**WORK INSTRUCTION:** Would you write out the whole listing below exactly as given?

**THE DATA:**
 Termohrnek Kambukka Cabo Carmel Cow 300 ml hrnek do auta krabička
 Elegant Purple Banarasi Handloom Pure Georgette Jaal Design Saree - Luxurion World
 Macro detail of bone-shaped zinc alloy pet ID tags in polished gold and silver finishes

**REPLY:**
 Termohrnek Kambukka Cabo Carmel Cow 300 ml hrnek do auta krabička
 Elegant Purple Banarasi Handloom Pure Georgette Jaal Design Saree - Luxurion World
 Macro detail of bone-shaped zinc alloy pet ID tags in polished gold and silver finishes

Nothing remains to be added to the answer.